Treaty of Waitangi Settlements – Progression and Innovation
2012 has been a year of milestone achievements for historic Treaty settlements: To date, 11 Treaty settlements have been concluded through legislation and six Deeds of Settlement have been signed this year. Seven further Deeds and three Agreements in Principle are expected to be signed before the year concludes. The efforts of the Minister for Treaty of Waitangi Negotiations, the Office of Treaty Settlements, and the whānau, hapū and iwi that have achieved these ends must be commended.
In addition, 2012 marks 17 years on from the pioneering Waikato-Tainui Claims Settlement Act 1995 and 15 years since the Crown agreed to include a relativity clause in the settlement agreements with Ngāi Tahu and Waikato-Tainui. The current total Treaty settlement distribution amount is $1.3 billion and the relativity clauses were activated this year. There are 40 – 60 settlement groups that are yet to settle so this year marked the first of several distributions to these two iwi.

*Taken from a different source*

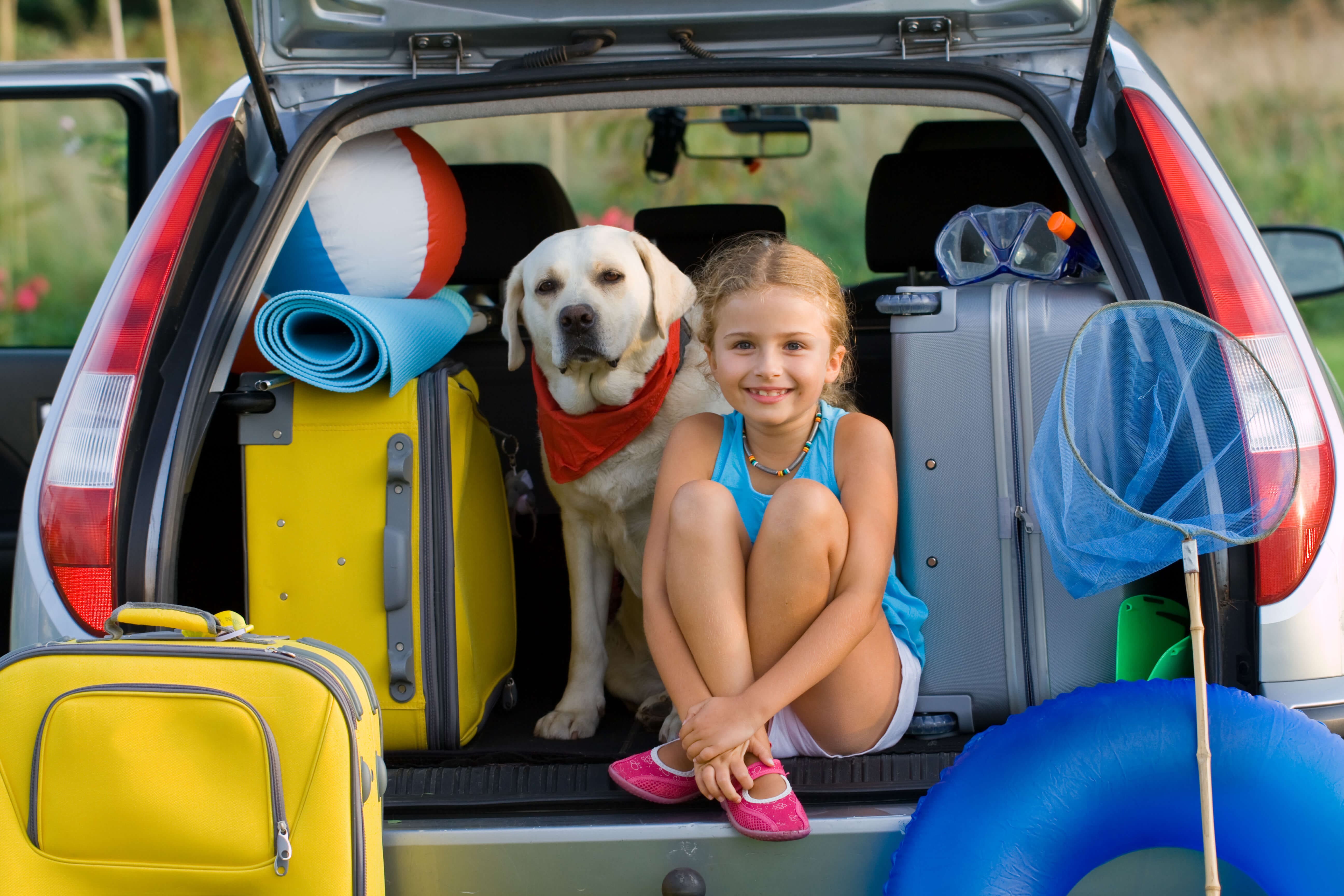 where to travel with pets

Finally, 2012 was a year of innovation for Treaty Settlements. The Crown and Whānganui iwi entered into a framework agreement setting out the key elements of the Whānganui Iwi settlement agreement. Importantly, the Whānganui River will be recognised as Te Awa Tupua with statutory recognition as a legal entity in its own right. The Crown and Ngāi Tūhoe have agreed to a similar statutory recognition and separate legal entity status for Te Urewera National Park as part of the Ngāi Tūhoe settlement package.

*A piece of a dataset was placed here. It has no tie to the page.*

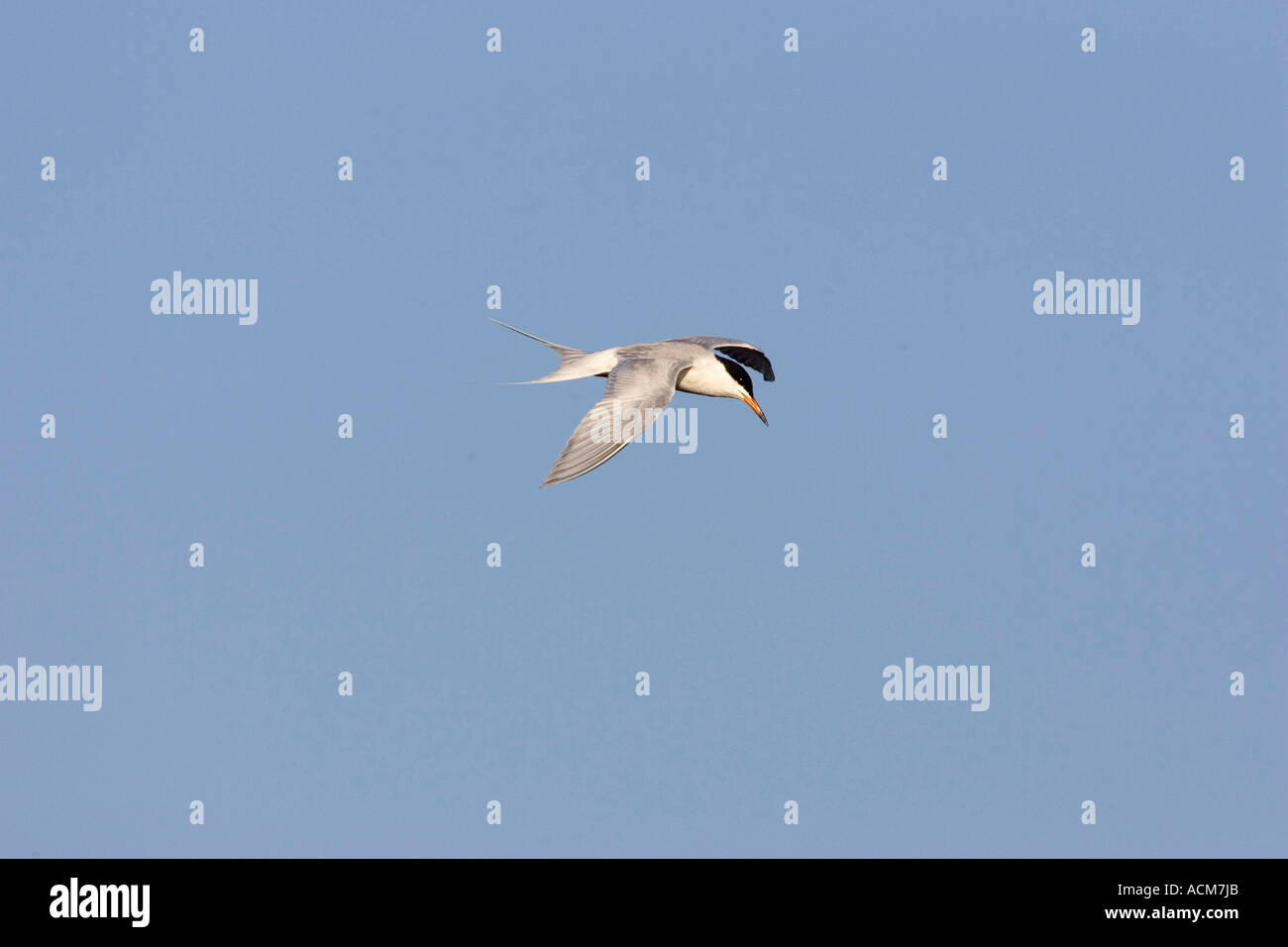 Forster s Tern Sterna Forsteri im Flug Florida Erwachsener Stockfoto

Application of customary law principles through the criminal trial and sentencing processes
The judgement of Heath J in R v Mason  NZHC 1361 is a bittersweet development for customary law jurisprudence in the context of criminal law.
The accused was committed for trial in the High Court for murder and attempted murder. The accused applied for a ruling that the charges should be dealt with in accordance with tikanga Māori, on the basis that the pre-existing customary criminal justice system was available to Māori.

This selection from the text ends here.